OP-ED

Korea A successful Story

By Majed al-Dhelee

Most of us know of South Korea, officially called the Republic of Korea. Many images may come to mind when Korea is mentioned: a beautiful country with a strong economy and well-protected environment. The Republic of Korea became famous across the world and made a very big name for itself in the last few decades founded very big place for its name in few last decades despite a number of limitations. The country is small, less than 100,000 square kilometers, though with a sizable population of 50 million. The country also lacks all of the natural resources present in many other countries; she has no oil, gas, or iron hidden beneath the surface. On the other hand, this small country has invaded the world with her products, which can be found everywhere we go. Some people cannot fathom how a small country like South Korea managed to achieve this.

To explain this, we must first know the factors that drove Korea to undergo its economic developments. From this, we might derive some lessons that would help us rebuild our country (Yemen). First we must understand the history of this great country, so I will present the historical image. I will not discuss Korea’s history before the year 1910, but simply mention some important events of the last century which guide us to believe in the phrase: “nothing is impossible before human desire and ambition.”

Korea was annexed by the empire of Japan in 1910, and achieved its independence in 1945. At the end of World War II, Korea was divided into Soviet and U.S. zones of occupation in the north and south, respectively. The Republic of Korea was created by an election held in the U.S. zone in 1948. The de-colonization and political division of the once united nation meant a sudden disruption of trade both with Japan and within Korea, causing serious economic turmoil. The situation was very difficult, as the country was one of the poorest in the world with a GDP per capita of approximately $72. The Korean War began around 1950, when forces from the North invaded the South. Over the course of the three-year war, 1.5 million people were killed and a quarter of Korea’s capital stock destroyed. After the war, the South Korean people worked hard as a single nation to rebuild the country.  1945. At the end of World War II was divided into Soviet (North) and U.S. (South) zones of occupation. Republic of Korea has created by an election held in the U.S. zone in 1948. The de-colonization and political division meant sudden disruption of trade both with Japan and within Korea, causing serious economic turmoil, and this only further deteriorated the country’s financial situation. With GDP per capita around $72 USD, Korea was one of the poorest countries in the world.

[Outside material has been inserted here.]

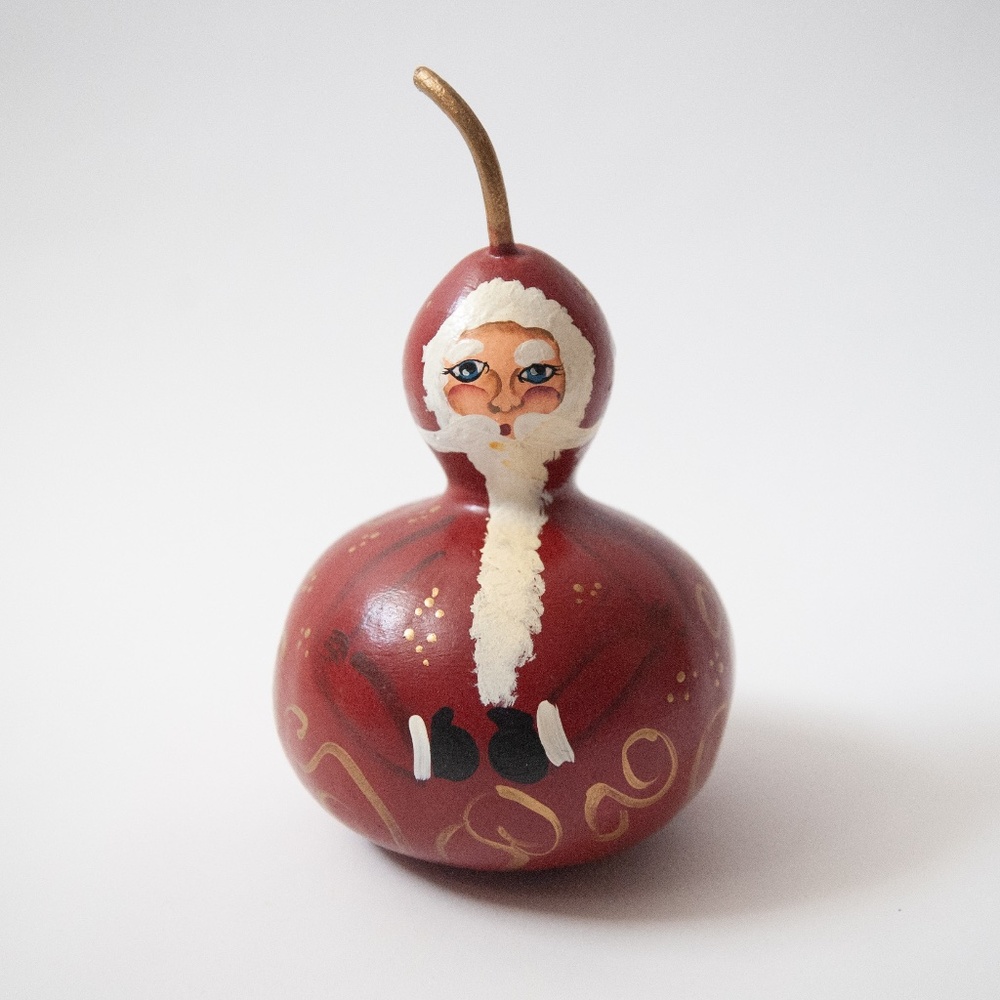Hand Painted Santa Gourd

The Korean War began in 1950 when forces from the North invaded the South. By the end of the conflict three years later, one and half million people had been killed and about a quarter of Korean capital stock destroyed. After the war, the South Korean people worked as one hand, moral and loyalty high, in a nation-wide effort to rebuild the country. Policymakers set to work stimulating economic growth by promoting indigenous industrial firms. The government selected firms in targeted industries and gave them privileges to buy foreign currencies and to borrow funds from banks at preferential rates. The government also erected tariff barriers and imposed a prohibition on manufacturing imports, hoping that the protection would help domestic firms improve productivity through learning-by-doing and importing advanced technologies. Government gave various types benefits, such as low-interest loans, to start exporting. Firms were evaluated based on export performance, placed under the discipline of export markets and granted wider contact with the developed world. The result of these policies was efficiency growth significantly faster in Korea’s export industries than in the rest of the economy. Per capita output doubled, and South Korea became an industrialized country: from 1962 to 1975 the share of manufacturing in GDP rose from 9% to 27%.

Presently, South Korea is a developed country with a very high standard of living. Its GDP per capita is $33,580. It is Asia’s fourth largest economy and the world’s 15th (nominal) or 12th (purchasing power parity) largest economy. The economy is export-driven, with production focusing on ships, machinery, automobiles, electronics, petrochemicals and robotics. South Korea is a member of the United Nations, WTO, OECD, and a founding member of APEC and the East Asia Summit. It should also be mentioned that Korea’s national development is also aided by its strict gun control laws. Korea ranks among the leading countries in lowest quantity of firearms per capita.

I have written here on South Korea’s economic success to give an impression of their developmental stages and the power of believing that nothing is impossible with the power of human persistence. Despite numerous obstacles, Korea became one of the world’s most developed countries. Yemen is facing its own share of obstacles, but the Yemeni people and policymakers can also create a success story from Yemen. We can become a developed country, a beautiful country rich with resources both human and natural. We much work together, the government and the nation, on the single goal of building a new Yemen, wealthy and developed. In conclusion, I remind everyone that our children and our grandchildren will one day ask us what we did for them. I hope that my message is heard loud and clear: let’s start building Yemen.